Per Bearzi “sostenere che è il cartello a far diminuire i prezzi è pura narrazione propagandistica: se il cartello, finora, non li ha fatti aumentare verso l’alto per effetto di un riallineamento verso la media, certamente non li ha fatti diminuire”. Ma chi ha davvero ragione e cosa dicono i dati?

I prezzi del carburante, il confronto: perché Urso bluffa

Partiamo dai prezzi del carburante. Il 31 luglio, quindi subito prima dell’entrata in vigore dell’obbligo di esporre il prezzo medio ai distributori, la benzina costava 1,897 euro al litro, il gasolio 1,746 e il Gpl 0,708. Il riferimento è quello dei dati dell’osservatorio settimanale sui prezzi del ministero dell’Ambiente. 

Se andiamo a vedere l’ultima rilevazione settimanale (risalente al 16 ottobre, pochi giorni fa, su dati fino al 15 ottobre), il prezzo non è affatto sceso rispetto a luglio. Anzi. La benzina è aumentata di poco, a quota 1,918 euro al litro. Ma il gasolio è nettamente salito, raggiungendo 1,897 euro al litro (era, ricordiamo a 1,746). Aumento anche per il Gpl a quota 0,723.

Sul fatto che il prezzo della benzina sia sceso dall’introduzione dell’obbligo di esporre i cartelli medi, quindi, Urso mente. Al massimo può dire che il prezzo è sceso da settembre (quando aveva superato i 2 euro al litro) a oggi, ma non si capisce in che modo questo dovrebbe dipendere da un obbligo entrato in vigore due mesi prima e con scarsissimo successo.

Benzina, cosa ci dicono le quotazioni del petrolio: l’andamento del Brent

Passiamo, quindi, ad analizzare l’andamento dei mercati internazionali, prendendo come riferimento le quotazioni del Brent per il petrolio. Il 31 luglio, prima dell’obbligo, si attestava a 85,56 dollari al barile. Ad agosto si è poi registrato un aumento minimo: per tutto il mese si è praticamente rimasti sotto la soglia del 31 luglio a fronte, però, di un continuo aumento dei prezzi. Altro che successo del cartello medio: evidentemente i distributori hanno ritoccato al rialzo le tariffe, proprio come sottolineato da diversi esperti e associazioni. 

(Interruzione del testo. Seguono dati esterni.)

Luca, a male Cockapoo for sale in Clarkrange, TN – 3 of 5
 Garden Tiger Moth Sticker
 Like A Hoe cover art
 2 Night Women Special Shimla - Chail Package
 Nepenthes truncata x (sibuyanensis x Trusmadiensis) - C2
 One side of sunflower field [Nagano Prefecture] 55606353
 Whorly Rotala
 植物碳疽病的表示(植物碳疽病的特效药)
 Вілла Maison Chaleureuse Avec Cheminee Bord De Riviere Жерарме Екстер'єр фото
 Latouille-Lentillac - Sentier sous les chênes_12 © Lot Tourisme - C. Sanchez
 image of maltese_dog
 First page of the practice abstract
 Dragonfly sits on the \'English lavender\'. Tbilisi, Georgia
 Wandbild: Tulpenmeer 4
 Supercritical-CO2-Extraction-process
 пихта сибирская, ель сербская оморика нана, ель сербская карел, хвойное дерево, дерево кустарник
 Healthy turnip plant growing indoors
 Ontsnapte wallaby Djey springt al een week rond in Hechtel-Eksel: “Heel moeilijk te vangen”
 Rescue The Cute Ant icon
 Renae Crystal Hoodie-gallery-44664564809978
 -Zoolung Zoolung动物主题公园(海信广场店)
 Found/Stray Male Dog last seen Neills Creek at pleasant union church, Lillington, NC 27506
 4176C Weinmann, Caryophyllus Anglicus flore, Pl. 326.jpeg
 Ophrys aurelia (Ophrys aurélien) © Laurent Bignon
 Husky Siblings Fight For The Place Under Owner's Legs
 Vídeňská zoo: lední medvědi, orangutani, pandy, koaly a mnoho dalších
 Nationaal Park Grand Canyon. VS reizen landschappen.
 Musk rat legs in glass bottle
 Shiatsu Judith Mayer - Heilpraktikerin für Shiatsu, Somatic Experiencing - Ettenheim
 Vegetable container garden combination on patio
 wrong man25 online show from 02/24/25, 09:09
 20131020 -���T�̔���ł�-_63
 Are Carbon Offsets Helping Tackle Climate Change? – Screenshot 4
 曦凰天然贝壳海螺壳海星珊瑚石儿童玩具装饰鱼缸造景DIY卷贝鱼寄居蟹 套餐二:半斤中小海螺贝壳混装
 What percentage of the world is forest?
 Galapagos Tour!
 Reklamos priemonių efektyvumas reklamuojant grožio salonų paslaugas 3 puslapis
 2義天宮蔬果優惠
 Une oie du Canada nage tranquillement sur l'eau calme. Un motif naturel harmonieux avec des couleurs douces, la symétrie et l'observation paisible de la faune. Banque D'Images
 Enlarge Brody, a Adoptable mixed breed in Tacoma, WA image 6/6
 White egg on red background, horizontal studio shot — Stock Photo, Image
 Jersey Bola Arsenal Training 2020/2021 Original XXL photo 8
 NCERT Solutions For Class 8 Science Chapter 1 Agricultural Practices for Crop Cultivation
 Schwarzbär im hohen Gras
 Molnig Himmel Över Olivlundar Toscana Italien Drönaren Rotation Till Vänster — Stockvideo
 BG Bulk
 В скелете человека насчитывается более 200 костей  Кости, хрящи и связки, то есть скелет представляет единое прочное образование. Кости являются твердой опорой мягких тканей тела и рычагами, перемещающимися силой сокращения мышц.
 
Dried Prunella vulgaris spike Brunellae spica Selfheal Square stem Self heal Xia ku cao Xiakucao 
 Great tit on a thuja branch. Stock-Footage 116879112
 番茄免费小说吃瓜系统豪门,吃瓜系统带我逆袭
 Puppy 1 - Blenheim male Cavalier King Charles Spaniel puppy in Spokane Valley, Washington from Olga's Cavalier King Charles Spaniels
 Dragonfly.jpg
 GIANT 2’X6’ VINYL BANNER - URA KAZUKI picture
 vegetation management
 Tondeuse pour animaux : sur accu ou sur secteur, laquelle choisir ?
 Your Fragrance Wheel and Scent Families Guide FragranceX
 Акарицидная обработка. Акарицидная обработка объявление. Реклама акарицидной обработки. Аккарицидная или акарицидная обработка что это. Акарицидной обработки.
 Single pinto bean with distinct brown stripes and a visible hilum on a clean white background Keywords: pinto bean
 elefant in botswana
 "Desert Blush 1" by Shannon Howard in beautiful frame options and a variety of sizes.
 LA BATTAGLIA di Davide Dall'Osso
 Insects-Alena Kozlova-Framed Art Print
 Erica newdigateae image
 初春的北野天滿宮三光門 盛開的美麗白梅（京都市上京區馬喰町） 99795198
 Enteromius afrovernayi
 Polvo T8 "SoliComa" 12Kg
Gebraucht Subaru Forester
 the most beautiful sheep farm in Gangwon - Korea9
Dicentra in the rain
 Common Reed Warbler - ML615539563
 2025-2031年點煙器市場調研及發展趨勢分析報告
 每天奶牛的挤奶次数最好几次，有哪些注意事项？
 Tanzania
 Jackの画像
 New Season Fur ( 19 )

A settembre, in effetti, le quotazioni sono aumentate, portando i prezzi sopra i 2 euro al litro con il Brent che ha superato i 90 dollari al barile (con picchi di 97 dollari). Ma a inizio ottobre il prezzo è nuovamente crollato a 84 dollari al barile. Ovvero più basso di quello pre-cartello medio. Eppure i prezzi a inizio ottobre erano più alti che a luglio, nonostante quotazioni praticamente uguali (anzi più basse).

Una risalita delle quotazioni si è registrata solamente dal 13 ottobre, con la crisi in Medio Oriente, raggiungendo ora una cifra superiore ai 90 dollari al barile. La risalita dei prezzi del carburante ancora non c’è stata, ma è ancora presto per valutarla, considerando che i dati fanno riferimento a soli due giorni dopo l’inizio dei rialzi. Fino al 12 ottobre, la quotazione era intorno agli 85-86 dollari al barile, più o meno la stessa di luglio ma con prezzi più alti al distributore. Altro che successo dell’obbligo di esporre il cartello medio dei prezzi della benzina.